La intervención de dicho funcionario no es esencial en todos los casos, pues, el inciso 2º del artículo 12 de la citada ley 45, dice: "Las acciones judiciales dirigidas a obtener que se declare la filiación natural se surten precisamente por medio de abogado titulado, salvo cuando los siga el Ministerio Público". Esto hace ver claro, dijo la Corte, en sentencia de fecha 22 de mayo de 1947, que la misma ley contempla casos en que el Ministerio Público no las siga, esto es, que no se ordena la intervención del mismo, en todo caso.
Posteriormente, en sentencia de fecha 11 de mayo de 1948, reafirmó su doctrina en los siguientes términos: "La Corte ha decidido en numerosas ocasiones, que al Ministerio Público no corresponde siempre y necesariamente la calidad de parte en los juicios sobre declaración de filiación natural, en forma que su ausencia determine nulidad de lo actuado".

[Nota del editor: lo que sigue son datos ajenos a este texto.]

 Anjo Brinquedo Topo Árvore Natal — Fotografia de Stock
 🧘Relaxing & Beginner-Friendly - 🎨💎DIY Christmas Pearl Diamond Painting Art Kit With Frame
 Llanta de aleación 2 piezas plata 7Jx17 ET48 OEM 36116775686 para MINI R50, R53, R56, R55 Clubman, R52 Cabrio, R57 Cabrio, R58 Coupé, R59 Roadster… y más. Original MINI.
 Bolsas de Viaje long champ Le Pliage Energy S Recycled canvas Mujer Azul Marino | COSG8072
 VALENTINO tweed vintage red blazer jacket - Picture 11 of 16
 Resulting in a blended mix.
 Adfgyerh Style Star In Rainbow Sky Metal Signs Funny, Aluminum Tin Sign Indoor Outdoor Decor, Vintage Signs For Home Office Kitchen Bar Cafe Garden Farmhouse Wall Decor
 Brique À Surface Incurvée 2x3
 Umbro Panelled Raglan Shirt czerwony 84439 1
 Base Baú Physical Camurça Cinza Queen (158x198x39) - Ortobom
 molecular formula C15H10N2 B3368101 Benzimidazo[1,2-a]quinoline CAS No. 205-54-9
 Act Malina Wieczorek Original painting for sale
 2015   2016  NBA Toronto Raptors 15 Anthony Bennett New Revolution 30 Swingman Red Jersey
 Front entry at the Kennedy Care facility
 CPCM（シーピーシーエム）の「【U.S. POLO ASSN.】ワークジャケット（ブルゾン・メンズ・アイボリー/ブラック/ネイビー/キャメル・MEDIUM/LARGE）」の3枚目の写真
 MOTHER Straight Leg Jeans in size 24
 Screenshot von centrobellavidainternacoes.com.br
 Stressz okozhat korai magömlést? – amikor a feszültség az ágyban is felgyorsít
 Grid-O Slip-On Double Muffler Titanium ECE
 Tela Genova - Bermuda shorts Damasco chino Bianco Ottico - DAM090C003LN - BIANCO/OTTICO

Lo expuesto anteriormente demuestra cómo, ni al tenor de la Ley 45 de 1936, ni a la luz de la Jurisprudencia nacional, es siempre necesaria la presencia del Ministerio Público en los juicios de filiación natural, menos en casos como el actual, en que el juicio fue iniciado y lo ha seguido asistiendo en sus diferentes etapas un apoderado, designado en ejercicio de la patria potestad por la madre de los menores a que este proceso se refiere.
No existe en consecuencia, violación alguna del numeral 3º del Art. 448 del Código Judicial, y en tal virtud es infundada y por ello se rechaza el segundo de los cargos formulados por el recurrente. Por las razones expuestas, la Corte Suprema de Justicia, Sala de Casación Civil, administrando justicia en nombre de la República de Colombia y por autoridad de la ley, NO CASA la sentencia de fecha veinticinco (25) de junio de mil novecientos cincuenta y seis (1956), pronunciada por el Tribunal Superior del Distrito Judicial de Bogotá, en el juicio ordinario seguido por Isabel Cifuentes y otros contra Rafael Tovar Carreño. Costas a cargo del recurrente.
Publíquese, cópiese, notifíquese, insértese en la GACETA JUDICIAL y devuélvase al Tribunal de origen. Alfredo Cock Arango. — Ignacio Escallón. — José Hernández Arbeláez. — Armando Latorre Rizo. Arturo C. Posada. — Arturo Valencia Zea. — Jorge Soto Soto, Secretario.